There are certain basic objects we all require: a home, car, clothes and food, but next time you open your wallet, ask yourself if that that legal tender could be used in a more productive manner which enriches your life, not just your possessions. Or better yet, ask yourself if you even need to spend money to accomplish this goal. I suppose the takeaway lesson here is that you don’t need to spend money on materialistic items to gain happiness. Then again, you also shouldn’t have to shell out money to manufacture a memory. True bliss as Pirkei Avos taught us long ago, is someone who is happy with his lot.
Rise of Escape Rooms
Talk about paying for an experience: escape rooms are popping up everywhere! They are a physical adventure game in which players (usually groups of 4-8 people) are given a set time limit to decode clues and solve puzzles and riddles in order to escape a locked, windowless room. There is even a Jewish escape room right here in Midwood equipped with a King David Room and Rashi Room. Being trapped in a claustrophobic room and having to pay $25-30 to get out may not sound like fun, but obviously many think it is. As of 2017, escape rooms have boomed to about 2,000 rooms across the U.S. What is the appeal, you ask? Well, besides for giving you a unique format of spending quality time with friends and family, they also offer participants a chance to test their analytical thinking and puzzle-solving skills. Factor in the adrenaline rush, which is fueled by a faux-high-stakes game concluding with a photo-op finish, and it is no wonder why escape rooms have become American’s newest, favorite pastime.
You Have to Pay for That?
Here is a list of acts that we today pay good money for while our grandparents would shake their heads and ask: They’re not paying you, but you are paying them?
Rock climbing: We pay to be holstered to a safety belt, so we can climb a wall while grabbing onto mounted, multicolored rocks and cones as we hold on for dear life as we sweat and struggle to reach the top of an artificial mountain.
Pumpkin or fruit picking: Get charged admission to walk through a pumpkin patch or farmer’s field and schlep 10 pound pumpkins or climb ladders to fill baskets of apples from trees, which you will then have to weigh and pay to take home.
Cook: No longer a common daily domestic chore, now you can be charged to sit through a tutorial on how to prepare a meal and then be expected to pay to cook and eat what you’ve just made whether it comes out good or bad.
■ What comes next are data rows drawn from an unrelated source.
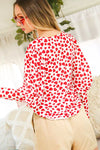Red Heart Jersey Knit Blouse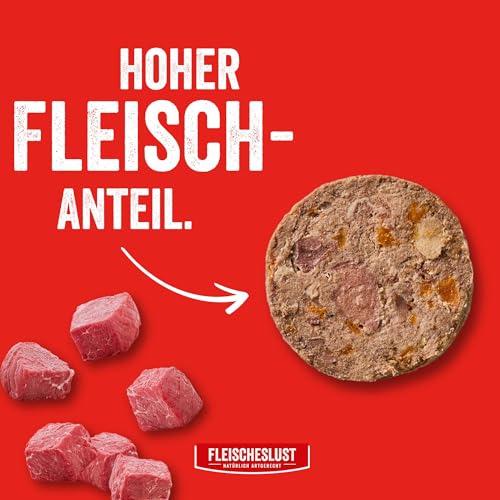 Fleischeslust Hundewurst | Zartes Rind mit Karotte, Hagebutte & Kürbiskernen | Futterbox (6x800g) | Nassfutter | schnittfest | getreidefrei | Alleinfuttermittel für ausgewachsene Hunde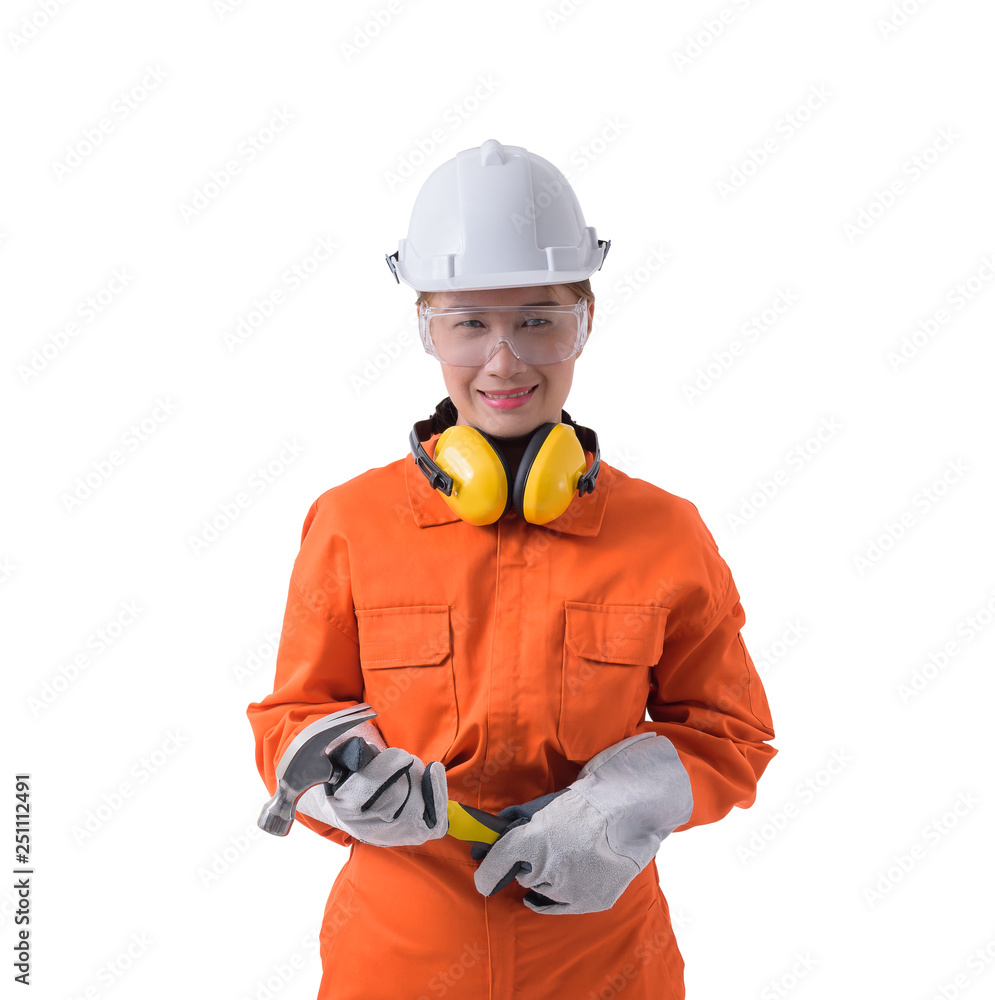 portrait of a woman worker in Mechanic Jumpsuit is holding hammer isolated on white background portrait of a woman worker in Mechanic Jumpsuit is holding hammer isolated on white background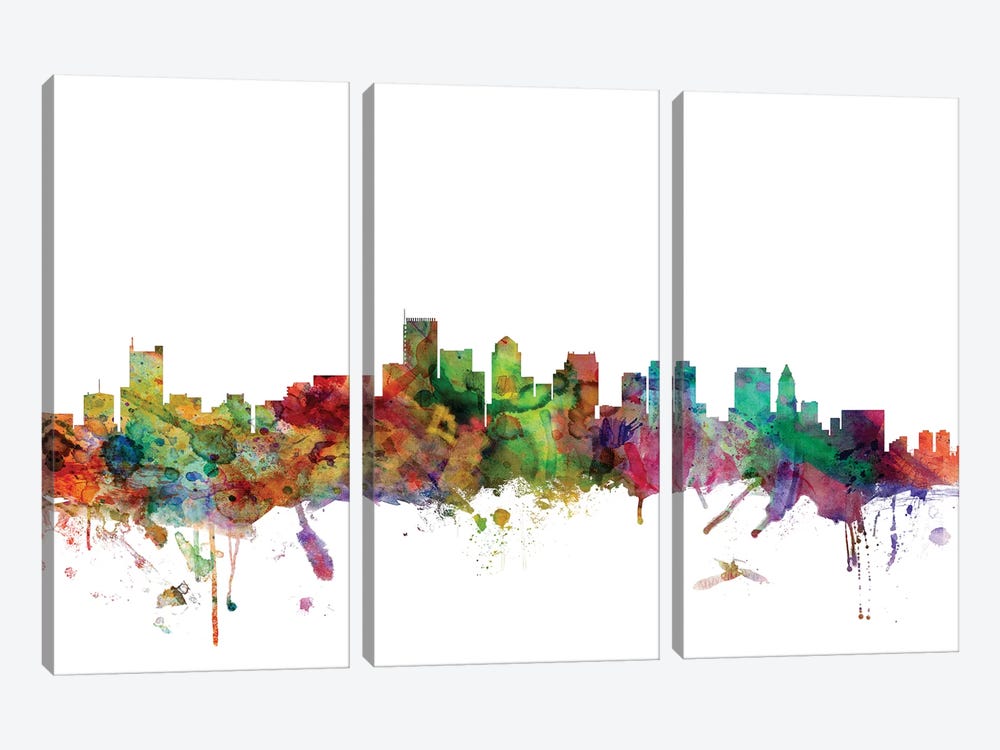 Boston, Massachusetts Skyline by Michael Tompsett 3-piece Canvas Print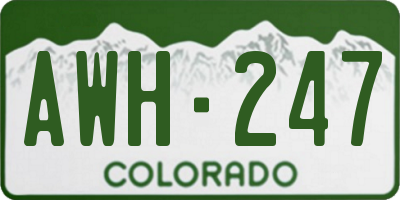 CO license plate AWH247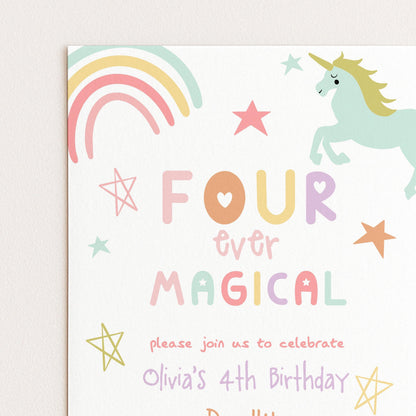 The image is a birthday invitation for a 4th birthday party, featuring a unicorn, stars, and a rainbow.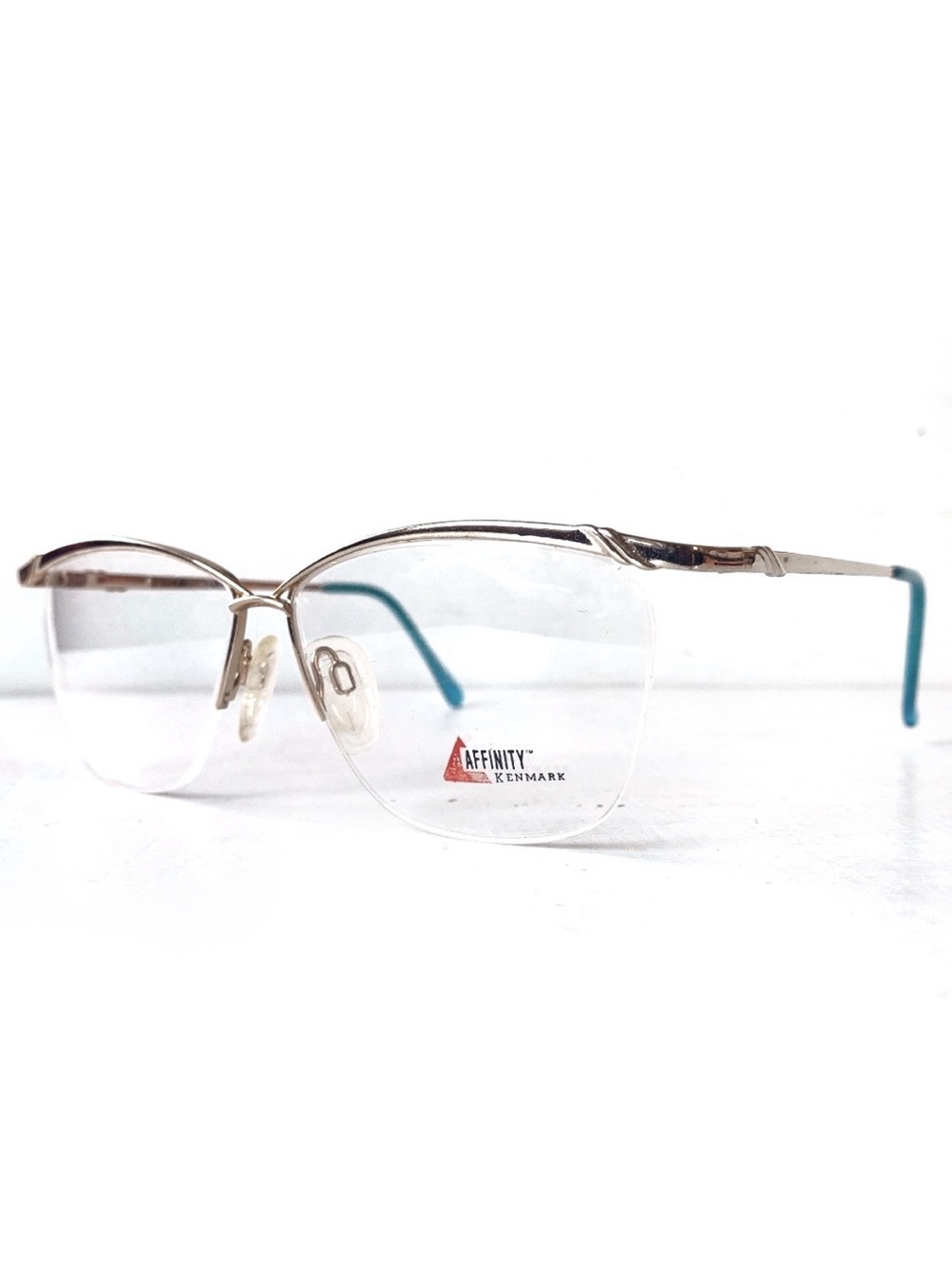 Vintage Kenmark WIDE Fit Affinity Raven Cat Eye semi rimless Metal Eyeglasses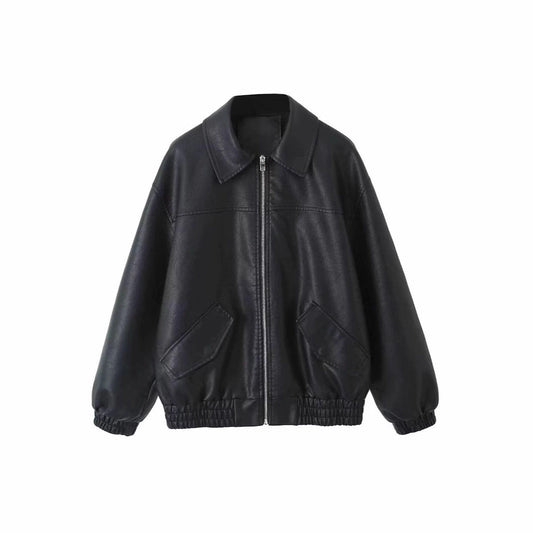 Women's casual leather jacket with elasticated hem and practical pockets NOVAE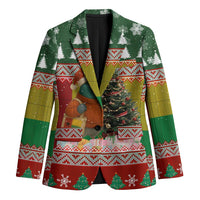 Guinea Bissau Christmas Blazer with Santa Penguin Christmas Tree and Red Green Yellow Snowflake - Wonder Print Shop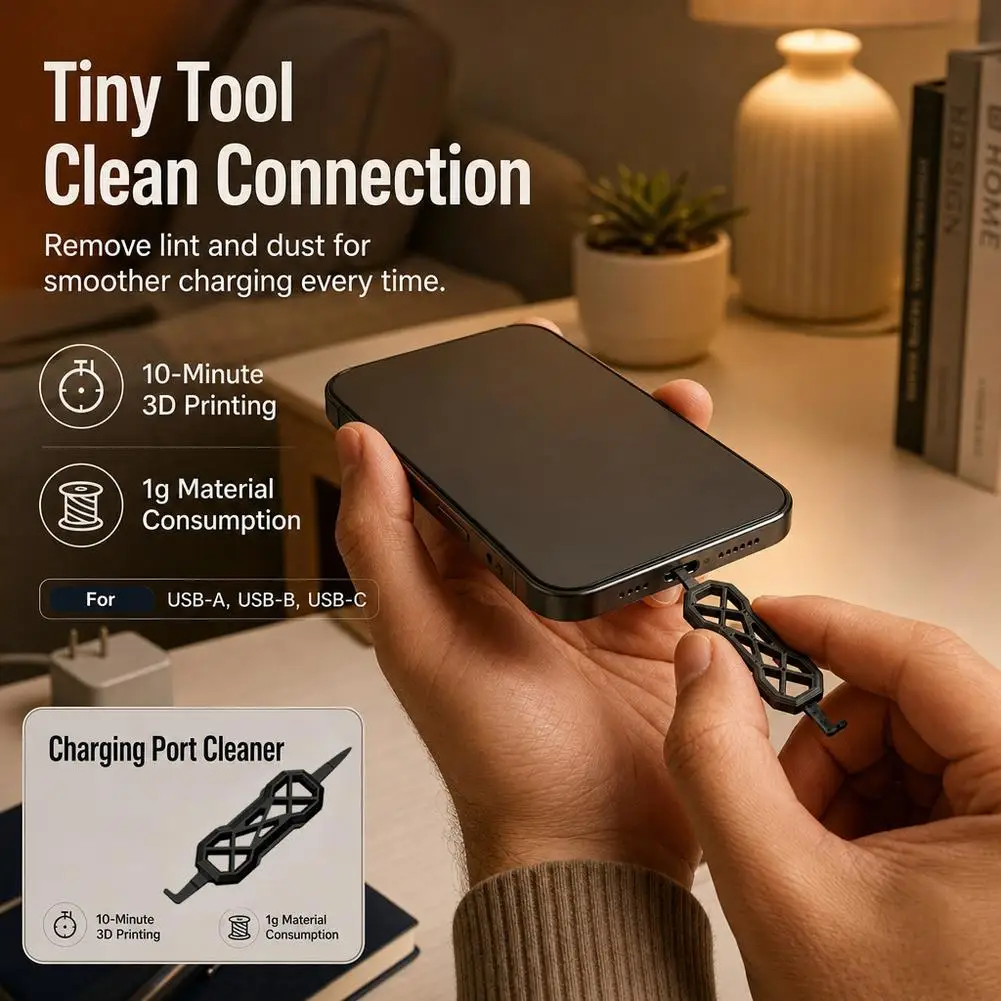 1/10pcs Portable Charging Port Cleaner Precision 2-in-1 Tool for Phone Earbud Dust Removal Tool  ﻿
Paint: It used to be you commissioned a professional artist to paint a specific picture of your liking so you can then use it to adorn your walls, but now the tables have been turned. The painter is telling you how and what to paint, and YOU are paying them for the guidance.
Dig Dirt: There are actually places (like Diggerland) where you have to pay money to haul dirt and debris while operating a bulldozer.